Pedro Branco and Guilherme Moura Fagundes
A largely unexplored dimension of the wildfires that have been ravaging the planet in the last decade is the imagery that gravitates around them. These images travel widely and are progressively entering the mainstream of traditional and new media circuits. They configure what we have been calling the “new iconography of environmental catastrophes”, one inclined to resort to images of wildfires as replacements for the worn-out images of melting glaciers. This iconography of cataclysm and death is fed by –and feeds back into– a pyrophobic imaginary that looks at all kinds of fire through a single lens and is, consequently, not attuned to the diversity of its modes of existence. There has been an exponential upsurge, in the last twenty years, in studies showing a strong correlation between biodiversity and pyrodiversity, and fire researchers are starting to agree that the extent to which environments around the world are experiencing deadly wildfires reflects a deficit of smaller, healthier fires that regulate the accumulation of combustible materials. Scientific data and information do not suffice to unchain people from their presuppositions about fire: there is a deeply entrenched charge of fact-resistant affects and beliefs that block many Western societies from seriously considering other ways of living with fire.
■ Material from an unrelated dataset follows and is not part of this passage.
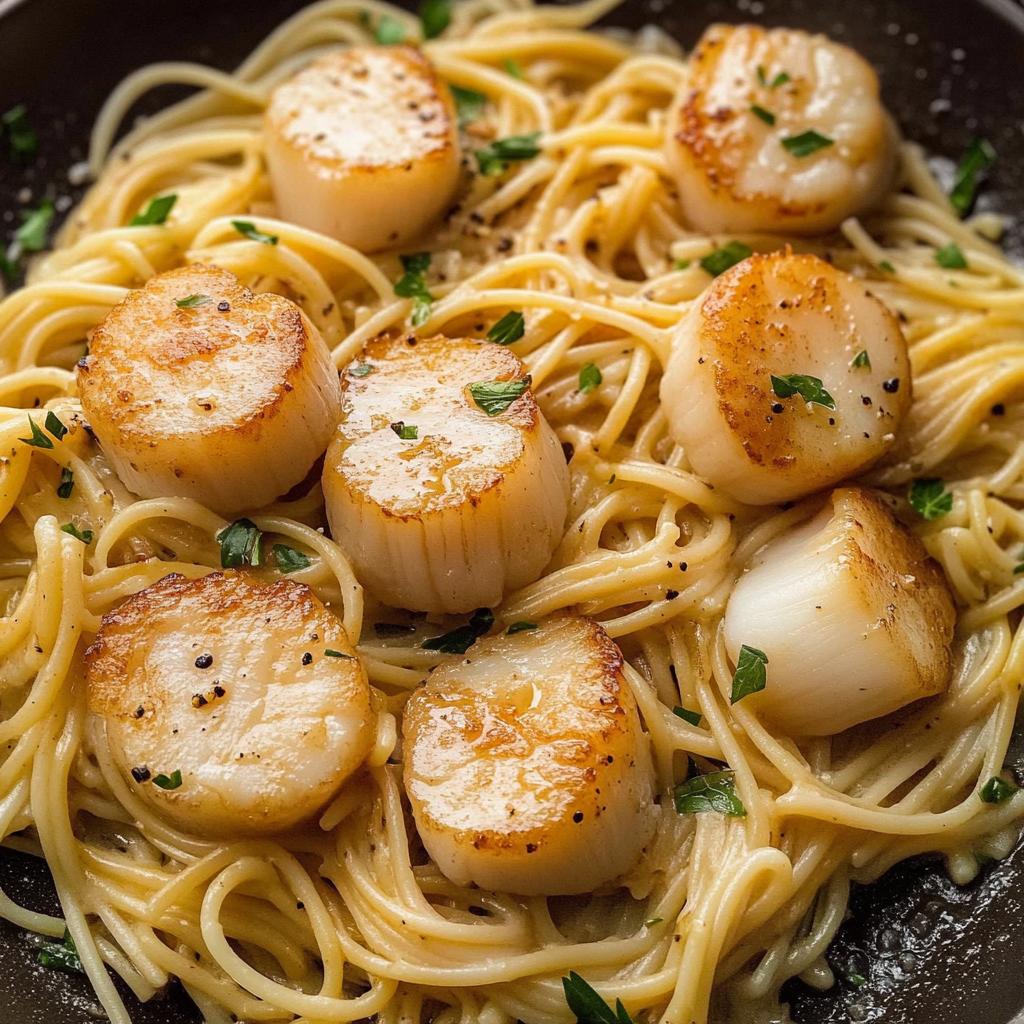 Recipe preparation for quick scallops with pasta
In this paper, we point to a particular intersection of art and anthropology to see how it might afford viable avenues of nurturing, in the hearts and minds of people, unorthodox ways of living. We explore the role of editing in – to cite Giorgio Agamben– opening up “a zone of undecidability between the real and the possible” by imposing “a prolonged hesitation between image and meaning”, and conclude by suggesting that we need anthropologically informed films to unsettle those truths we take for granted by providing some poetic substance to underpin the difficult conversations we need to have about coexisting sustainably with fire in the XXI Century.